Drôle de titre pour le premier film d’un réalisateur à suivre de près. Benjamin Guedj témoigne en tant que réalisateur et scénariste qu’il porte un regard assez réaliste sur une génération de jeunes adultes aussi à l’aise dans les études supérieures que dans des penchants versatiles. Loin du cocon familial, le jeune Sébastien préfère ne rien faire plutôt que de trouver un premier travail soit comme stagiaire puis salarié d’une société ou en intérim. Nous sommes donc loin du conformisme de ces comédies françaises prônant la réussite dans son travail pour accéder à un certain niveau de vie. Poussé par ses deux autres colocataires Bruno et Anna, Sébastien va d’abord se contenter du RSA avant de se remettre en question et trouver le poste parfait pour lui.

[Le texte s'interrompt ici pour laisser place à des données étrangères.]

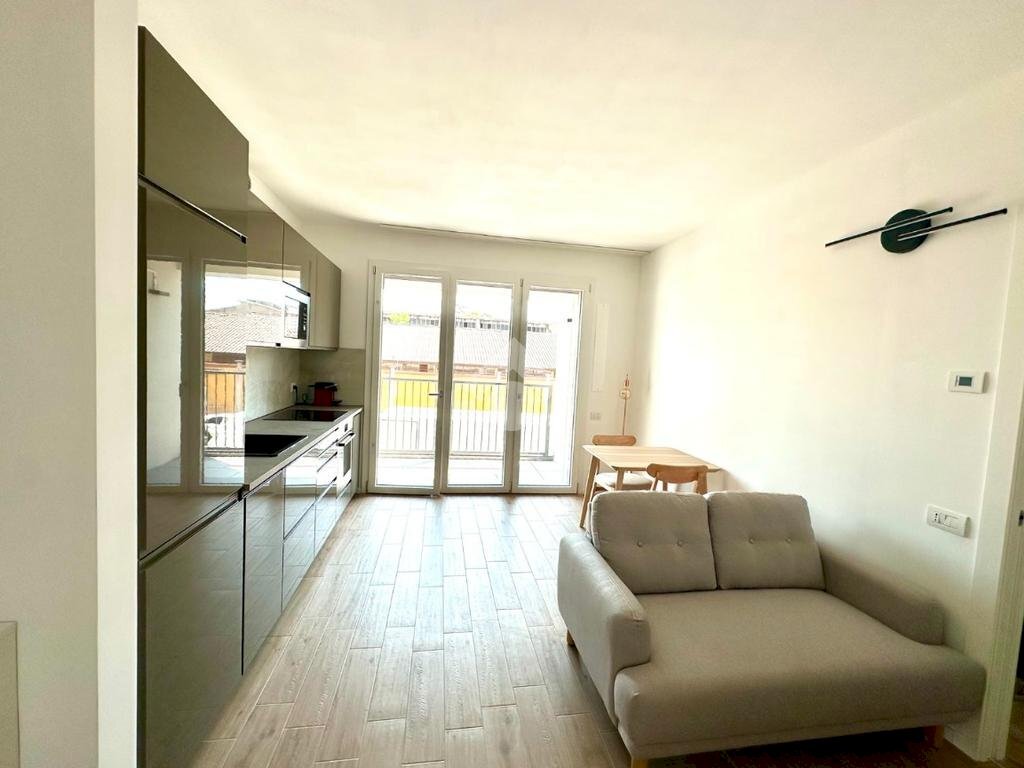 Two-room apartment Via Leonardo Bistolfi, Milano (neighborhood Rubattino) - photo 1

Le film libre et assoupi est l’adaptation assez libre du premier roman de Romain Monnery Libre, seul et assoupi. Ce constat dramatique témoigne avec beaucoup d’ironie sur la condition de jeunes surdiplômés incapables de trouver un travail leur permettant de vivre décemment. Notre société actuelle est faite de manière inégale du point de vue des chances de trouver un emploi et de réussir. Certes la sélection se fait sur le degré d’études supérieures mais aussi sur l’expérience professionnelle, l’existence d’un réseau social et d’un petit facteur chance. Le personnage de ce film malgré son oisiveté se révèle être par sa manière de vivre un rebelle en force, un anti-conformiste. La force du film tient donc à la présence de personnages parfaitement dessinés et intéressants. Le réalisateur peut ainsi s’appuyer sur la présence de trois excellents comédiens. Baptiste Lecaplain dans le rôle de Sébastien confirme qu’il fait partie de ces jeunes comédiens issus des planches du théâtre et/ou du one man show et qui se sont construit de vraies personnalités. De la même manière, le jeune comédien découvert dans les films LOL (Laughing Out Loud) (2008), Télé Gaucho (2011) est parfait dans un second rôle de co-locataire épris de Anna. Enfin, on ne présentera plus Charlotte Le Bon (Anna dans le film). Après avoir fait ses classes dans l’émission du Grand Journal comme Miss météo et joué dans différents films (La Stratégie de la poussette (2011), Astérix et Obélix : au service de Sa Majesté (2012),..)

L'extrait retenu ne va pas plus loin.